Pat Quinn was a typical Illinois liberal Democratic politician, molded in the century old tradition of corrupt politics. Starting as a tax attorney in the Chicago area, Quinn ascended the political world at a commissioner on the Cook County (Chicago) Board of Tax Appeals. Then he became the revenue director for then Chicago Mayor Harold Washington. From there, Quinn served one term as the Illinois State Treasurer and then became the Lieutenant Governor under then Governor Rod Blagojevich.
When Blagojevich was removed from office after being convicted of corruption charges for trying to sell Barack Obama’s senate seat, Quinn was sworn in as the state’s new governor. Quinn continued in the style of government that Blagojevich, Obama and others had established and many people in the state became very unhappy and disillusioned with him.

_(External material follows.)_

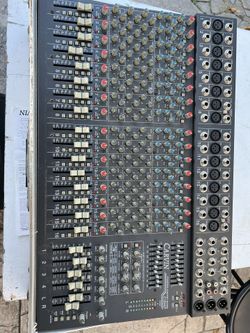 Carvin  C 1644P Powered Mixer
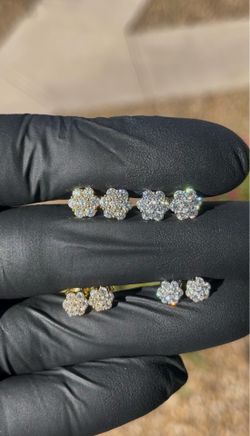 VVS1 Moissanite Cluster Honeycomb Flower Earrings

In the 2014 election, Quinn faced Republican challenger Bruce Rauner, a wealthy private equity businessman. Rauner’s campaign focused on trying to work to improve the state’s sagging economy which Quinn didn’t seem to care much about. It was a contentious and bitter campaign with Quinn slinging as much mud as possible. When the votes were tallied, Quinn carried only one county in the entire state, but it was Cook County, the most populous county in the state. However, it was not enough to fend off Rauner’s challenge who won the election with 50.27% of the votes compared to Quinn’s 46.35%.

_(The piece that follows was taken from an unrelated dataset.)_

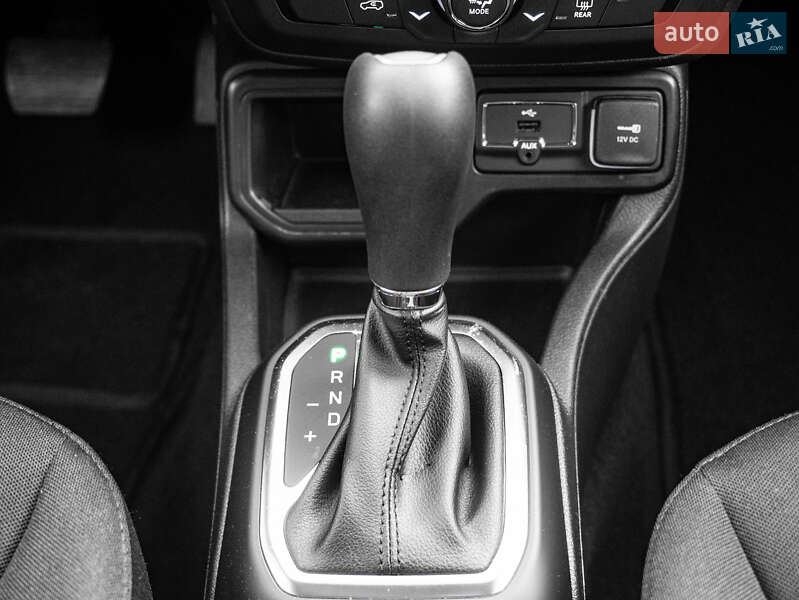 Внедорожник / Кроссовер Jeep Renegade 2020 в Киеве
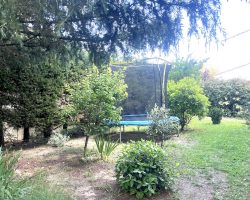Villa climatisée avec piscine.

From the time the election results were announced to Rauner being sworn in on January 12, 2015, Quinn issued a number of executive orders in an attempt to undermine Rauner’s governorship. His actions were equivalent to a child throwing a temper tantrum for not getting their way.

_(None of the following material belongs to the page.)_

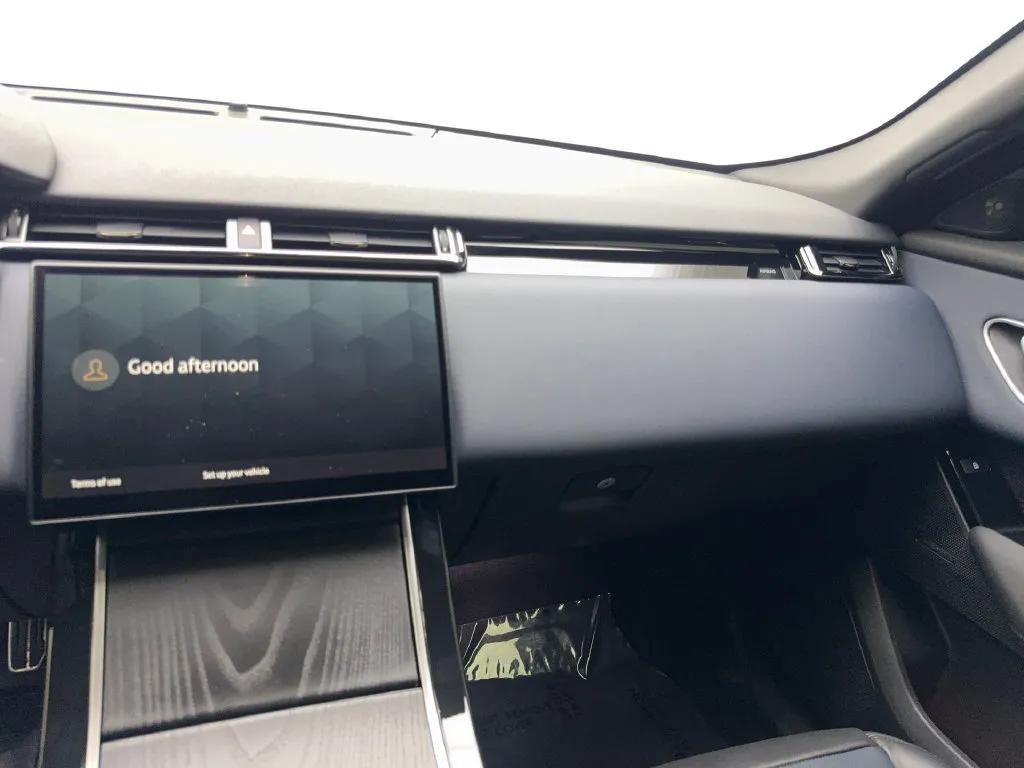 Land Rover Range Rover Velar photo 56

Among the executive orders that Quinn made was one to raise the minimum wage for state contracts to $10 per hour from the previous $8.25 per hour. Another executive order was one that called for Rauner to publicly release all of his tax records including all of the schedules of how he made his money and paid his taxes. Needless to say, Quinn’s last minute actions drew a lot of criticism from many corners of the state.
The first action Rauner took as the new governor of the state was to rescind all of Quinn’s executive orders. He stated that any that might have merit would be looked at on a case-by-case basis. Lance Trover, Rauner’s spokesman stated:
“It is clear that too many of Pat Quinn’s actions during his final weeks in office were in an effort to settle political scores and not wholly aimed at serving the public’s interest.”
Illinois State Rep. Ron Sandack (R-Downers Grove) commented about Quinn’s actions, saying:
“There’s a bunch of booby traps he left behind, leading to one reasonable conclusion: he was trying to stick it to Rauner on the way out.”
“My bias is to take action to undo pretty much everything Gov. Quinn did since the election, because every time we look, most of it’s bad, but we’ll deal with that in due course. We’ve got to review everything, and we’ll take appropriate actions.”
It’s not enough for a liberal Democrat like Quinn to leave office with any amount of respect or decency; he has to take questionable and unethical actions to purposely sabotage his replacement. I can’t help but wonder if another liberal Chicago Democrat by the name of Barack Hussein Obama will do the same thing if a Republican wins the White House in 2016?